Then, in literature only a section of the reading public has yet realised
the Georgians, - those poets who by their sincerity and keenly experimental
methods, have brought a new ideal and technique into contemporary English
poetry. Or again, how many readers could give a succinct account of
the Soldier Poets - the New Elizabethans as they are sometimes called
- those young men who poured out poetry as spontaneously as the birds
their songs among the guns in France and Flanders.
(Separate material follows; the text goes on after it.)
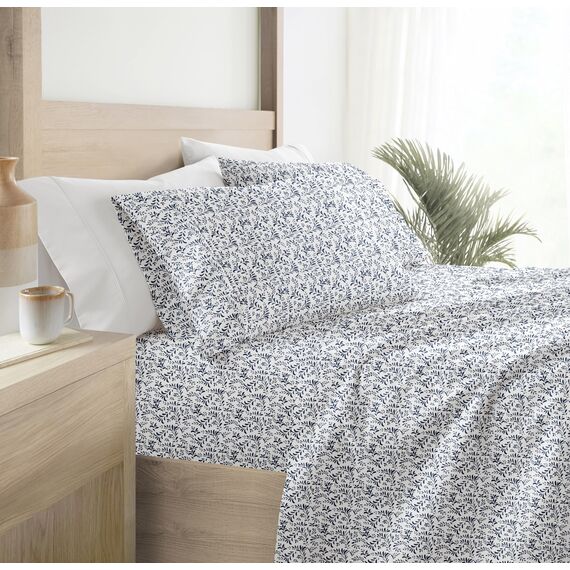 Linen Market Queen-Bettwäsche-Set, 4-teilig, atmungsaktiv, kühlendes Queen-Size-Bettlaken, Tiefe Taschen- und knitterfreie Laken, passend für 40,6 cm große Matratzen, extra weich und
Distinguished Collaborators
But all these artistic movements are of common knowledge compared to
what will, in future history, probably be referred to as the Gloucestershire
Group - that circle linking all the other three, composed of men who
are prominent figures in each. Up to the present hardly any one has
realised the interest and significance of this group, so diverse in
its lines of work. so unanimous in its deep feeling for the Border country
between England and Wales. Yet, in course of time, it will probably
be regarded with as much admiration as the Lake Poets; perhaps even
more so, for in Cumberland there were but poets alone, in Gloucester
there are composers also. This is not a single but a double rainbow
- the arc of music formed by Sir Hubert Parry, Ralph Vaughan Williams,
Herbert Howells, and Ivor Gurney; that of poetry by John Masefield,
Lascelles Abercrombie, Wilfred W. Gibson, James Elroy Flecker, John
Drinkwater, F.W. Harvey, Ivor Gurney with John Freeman, W.H. Davies,
Edward Thomas and others closely associated.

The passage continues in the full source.